1. Introduction
Gastric xanthoma, also known as gastric xanthelasma, gastric lipid island, or reticuloendotheliosis of the stomach, presents endoscopically as raised, granular, yellowish lesions scattered across the gastric mucosal surface. Gastric xanthoma represents a proliferative response of histiocytes to plasma lipid alterations, constituting a non-neoplastic, reactive tumor-like hyperplastic lesion [1]. Orth first designated this condition as “gastric xanthoma” in 1887 [2]. In recent years, with the widespread adoption of gastrointestinal endoscopy and changes in environmental/dietary factors, the incidence and detection rates of gastric xanthoma have shown an increasing trend. Gastric xanthoma has been attracting increasing attention from researchers. The etiology and pathogenesis of gastric xanthoma remain incompletely understood, but may be associated with chronic gastritis, Helicobacter pylori (H. pylori) infection, diabetes mellitus, and hyperlipidemia. This article elaborates on gastric xanthoma regarding its etiology, pathogenesis, epidemiology, diagnosis, and treatment.
2. Epidemiology
The incidence of gastric xanthelasma exhibits regional variations and can occur across all age groups. Its prevalence shows a positive correlation with age, with the highest incidence observed in individuals aged 50 - 70 years. Additionally, the condition is more common in males than in females [3]. Anatomically, gastric xanthelasma predominantly occurs in the gastric antrum [4]. Recent years have witnessed a significant increase in the detection rate of gastric xanthomas, potentially attributable to the widespread adoption of endoscopy, advancements in endoscopic equipment and techniques, as well as changes in environmental and dietary factors.
3. Diagnosis
Gastric xanthomas lack typical clinical manifestations and are usually asymptomatic. They are often incidentally detected during gastroscopy in some patients due to various reasons. The diagnosis of gastric xanthomas primarily relies on endoscopic examination and histopathological evaluation. Endoscopically, typical gastric xanthomas present as yellowish-white nodules or plaques, which may be solitary or multiple, measuring approximately 1 - 10 mm in size, with a rough surface and well-defined margins [5]. The characteristic histopathological manifestation of gastric xanthomas consists of lipid-laden mononuclear cells and macrophages transformed into foam cells, which aggregate in clusters within the mucosa and submucosa, as observed under light microscopy [6]. However, differentiation from certain malignant tumors (e.g., signet-ring cell carcinoma [7]) is essential. In diagnostically challenging cases, further histological and immunohistochemical staining should be performed. The diagnostic value of CD68 or other macrophage markers is relatively high, when routine histology is equivocal.

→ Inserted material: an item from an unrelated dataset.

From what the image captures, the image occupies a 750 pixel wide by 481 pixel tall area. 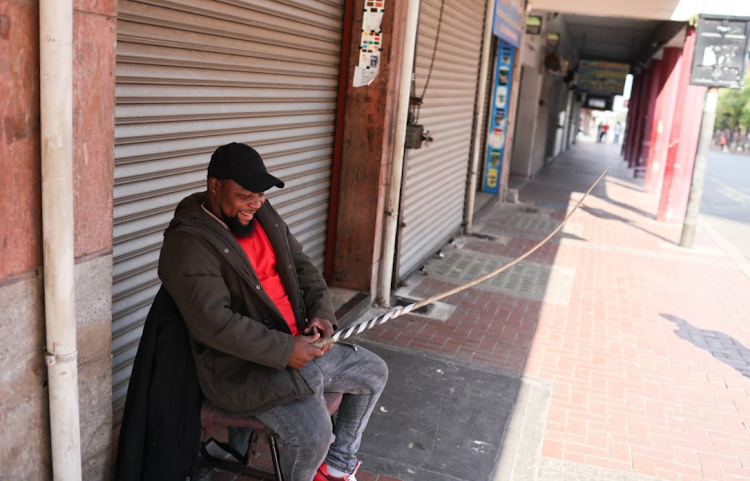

4. Etiology and Pathogenesis of Gastric Xanthelasma
The exact etiology and pathogenesis of gastric xanthomas remain incompletely understood. However, current research suggests several plausible mechanisms.
4.1. Disordered Lipid Metabolism
Whether abnormal lipid metabolism is an etiological factor for gastric xanthomas remains controversial. Previous reports have documented cases where xanthomas spontaneously regressed after correction of underlying dyslipidemia. However, studies have also demonstrated that patients with gastric xanthomas often exhibit no significant abnormalities in serum lipid levels. Several studies [4] [8] have demonstrated that patients with gastric xanthomas exhibit significantly elevated triglycerides (TG) and low-density lipoprotein (LDL) levels, along with reduced high-density lipoprotein (HDL), compared to those without gastric xanthomas. Nevertheless, definitive conclusions have not been reached, considering factors such as discrepancies in sample sizes and study heterogeneity. It is generally hypothesized that abnormal lipid metabolism may facilitate the translocation of lipoproteins from gastric mucosal capillaries into the intercellular spaces of the gastric mucosa or submucosa, where they undergo oxidation by reactive oxygen species (ROS) to form oxidized lipoproteins. Subsequently, through chemotactic mechanisms, these oxidized lipoproteins migrate into the intercellular spaces, where they are phagocytosed by monocytes and macrophages, ultimately transforming into foam cells. Accumulation of numerous foam cells ultimately forms gastric xanthelasma [9]. However, some researchers propose that localized tissue damage and degeneration in the gastric mucosa lead to intracellular lipid accumulation within mucosal epithelial cells, subsequently forming gastric xanthelasma [10].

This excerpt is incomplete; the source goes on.